WHAT IS NEEDED
Only one stretch of the data below is wanted: the lines starting at the one with "A folded blue" and ending at the one with "Heather(ヘザー)の「", both included, given again exactly.

Short descriptive text snippets:
......

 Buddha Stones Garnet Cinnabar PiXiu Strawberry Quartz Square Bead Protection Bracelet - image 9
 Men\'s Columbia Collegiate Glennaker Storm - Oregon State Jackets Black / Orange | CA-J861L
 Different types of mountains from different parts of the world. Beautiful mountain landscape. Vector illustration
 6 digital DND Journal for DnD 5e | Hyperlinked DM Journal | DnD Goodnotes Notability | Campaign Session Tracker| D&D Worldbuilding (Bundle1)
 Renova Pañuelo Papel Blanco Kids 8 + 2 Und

......

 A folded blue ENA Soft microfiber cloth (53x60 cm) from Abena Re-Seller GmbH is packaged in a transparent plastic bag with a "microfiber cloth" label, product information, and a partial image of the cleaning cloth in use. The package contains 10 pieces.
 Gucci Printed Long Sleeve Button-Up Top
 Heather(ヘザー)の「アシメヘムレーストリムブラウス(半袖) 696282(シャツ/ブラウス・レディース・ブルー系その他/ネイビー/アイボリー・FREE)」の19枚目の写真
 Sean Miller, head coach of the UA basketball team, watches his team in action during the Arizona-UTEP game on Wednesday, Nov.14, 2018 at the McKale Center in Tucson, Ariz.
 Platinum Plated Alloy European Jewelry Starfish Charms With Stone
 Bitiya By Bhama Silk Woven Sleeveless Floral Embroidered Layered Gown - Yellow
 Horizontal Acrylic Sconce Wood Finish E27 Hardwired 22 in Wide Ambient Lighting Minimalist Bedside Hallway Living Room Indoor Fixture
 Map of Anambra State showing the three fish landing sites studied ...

......

TASK OUTPUT
 A folded blue ENA Soft microfiber cloth (53x60 cm) from Abena Re-Seller GmbH is packaged in a transparent plastic bag with a "microfiber cloth" label, product information, and a partial image of the cleaning cloth in use. The package contains 10 pieces.
 Gucci Printed Long Sleeve Button-Up Top
 Heather(ヘザー)の「アシメヘムレーストリムブラウス(半袖) 696282(シャツ/ブラウス・レディース・ブルー系その他/ネイビー/アイボリー・FREE)」の19枚目の写真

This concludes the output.